Ehrenbürger der Stadt Ffm.

Dessauer, Friedrich Josef Hubert. Prof. Dr. phil. nat. Dr. h. c. mult. Biophysiker. Philosoph. * 19.7.1881 Aschaffenburg, † 16.2.1963 Ffm., begraben in Aschaffenburg.
Nach Beginn eines Studiums der Physik und Elektrotechnik in München und Darmstadt übernahm D. nach dem Tod des Vaters 1900 dessen Zellstoffwerke in Aschaffenburg; erst 1914 setzte er sein Studium an der Ffter Universität fort (abgeschlossen mit der Promotion, 1917). Bereits 1901 gründete er eine eigene Firma, das „Elektrotechnische Laboratorium Aschaffenburg“ (ELA), aus dem sich die „Veifa“-Werke („Vereinigte Elektrotechnische Institute Fft.-Aschaffenburg“, ab 1906) entwickelten, seit Frühjahr 1910 mit Sitz in Ffm. D. widmete sich der Forschung auf dem Gebiet der Strahlentherapie. Als erster wandte er systematisch physikalische Methoden in der medizinischen Therapie an und hielt seit 1903 auch Röntgenkurse für Ärzte ab. Er entwickelte die Röntgen-Kinematografie und konnte 1909 erstmals anhand von Röntgenaufnahmen das Schlagen eines Herzens vorführen. Daneben erforschte er die Möglichkeiten der Tiefentherapie, d. h. die Behandlung tieferliegender Geschwüre mit Radium und Röntgenstrahlen, und lieferte mit der Entwicklung der Kreuzfeuermethode die Grundlagen für die moderne Krebsbehandlung. Mit seinen Forschungen über die Wirkungsweise der harten Strahlen auf die lebendige Substanz begründete er die Quantenbiologie (1922). Bei seiner Forschungsarbeit zog sich D. durch die Strahlen starke Verbrennungen im Gesicht und an den Händen zu, die im Lauf der Jahre über 100 Operationen und Transplantationen nötig machten. 1920 ordentlicher Professor an der Ffter Universität. 1922 erhielt D. dort den ersten deutschen Lehrstuhl für physikalische Grundlagen der Medizin und wurde gleichzeitig Lehrer des von ihm 1921 aus Mitteln der Oswalt-Stiftung begründeten Instituts für medizinische Physik, aus dem später das Max-Planck-Institut für Biophysik hervorging.

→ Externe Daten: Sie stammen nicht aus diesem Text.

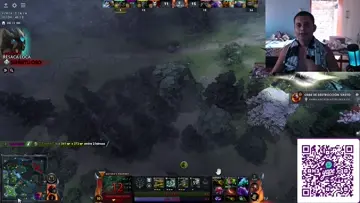 xddddddddddd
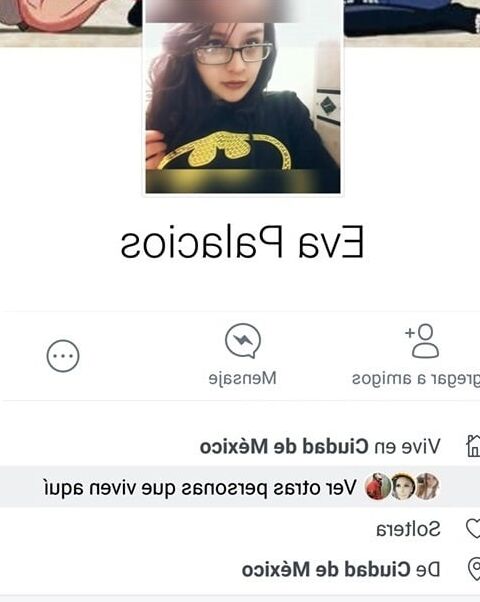 Morra tetona
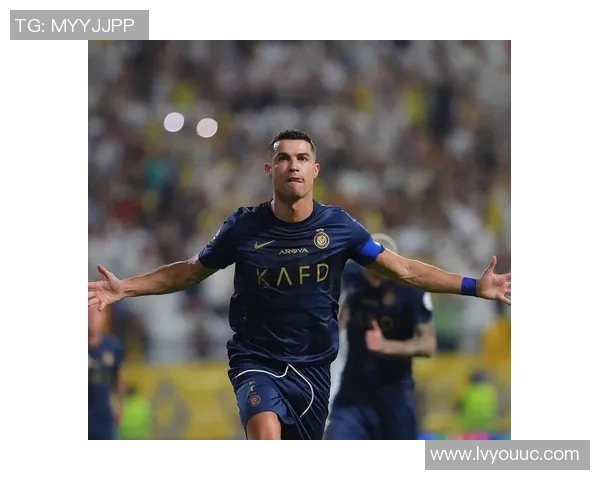 足球球星低头时刻曝光 让人深思背后的情感与压力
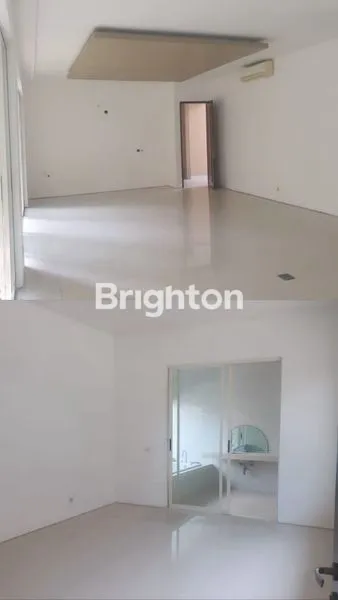 image  RUMAH GRAHA NATURA SURABAYA (8)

Daneben war D. politisch tätig. Er gilt als Begründer des politischen Katholizismus in Ffm. nach dem Ersten Weltkrieg. Von 1919 bis 1924 Stadtverordneter (Zentrumspartei). Von 1924 bis 1933 Mitglied des Reichstags. Unter Brüning wirtschaftspolitischer Berater der Reichsregierung. Gründer und Leiter der Rhein-Mainischen Volkszeitung (RMV), in der er gegen den Nationalsozialismus kämpfte. Nach mehrmonatiger Haft im Zuge des Vorgehens des NS-Staats gegen den Volksverein für das katholische Deutschland und die Carolus-Druckerei (in der die RMV erschien) wurde D. zwar in einem Diffamierungsprozess in München Gladbach (heute: Mönchengladbach) am 20.12.1933 freigesprochen, jedoch zu Jahresbeginn 1934 seines Ffter Lehrstuhls enthoben. Das Institut in Ffm. wurde von D.s Schüler Boris Rajewsky übernommen. D. selbst folgte 1934 einem Ruf als Professor und Direktor des Radiologischen Instituts an die Universität Istanbul. Seit 1937 Professor und Direktor des Physikalischen Instituts an der Universität Fribourg/Schweiz.
1946 wurde D. sofort wieder in seine Rechte als Professor der Ffter Universität eingesetzt. 1949 erhielt er die ihm 1941 aberkannte deutsche Staatsbürgerschaft zurück. 1950 Gastvorträge an der Ffter Universität. Seit 1951 wieder regelmäßige Vorlesungen. Seit 1953 wohnte D. wieder ständig in Ffm. 1956 emeritiert.
Neben rund 400 fachwissenschaftlichen Arbeiten veröffentlichte D. zahlreiche philosophische Schriften, darunter „Leben, Natur, Religion“ (1924), „Philosophie der Technik“ (1927), „Der Fall Galilei und wir. Abendländische Tragödie“ (1934), „Wissen und Bekenntnis“ (1944), „Atomenergie und Atombombe“ (1948), „Mensch und Kosmos“ (1948), „Religion im Lichte der heutigen Naturwissenschaft“ (1950), „Seele im Bannkreis der Technik“ (1954), „Weltmann – Christ?“ (1955), „Streit um die Technik“ (1956), „Naturwissenschaftliches Erkennen. Beiträge zur Naturphilosophie“ (1958), „Prometheus und die Weltübel“ (1958), „Was ist der Mensch“ (1959). Außerdem verfasste er die Biographien „Isaac Newton. Weltfahrt der Erkenntnis“ (1945) und „Die Offenbarung einer Nacht. Leben und Werk von Wilhelm C. Röntgen“ (1946).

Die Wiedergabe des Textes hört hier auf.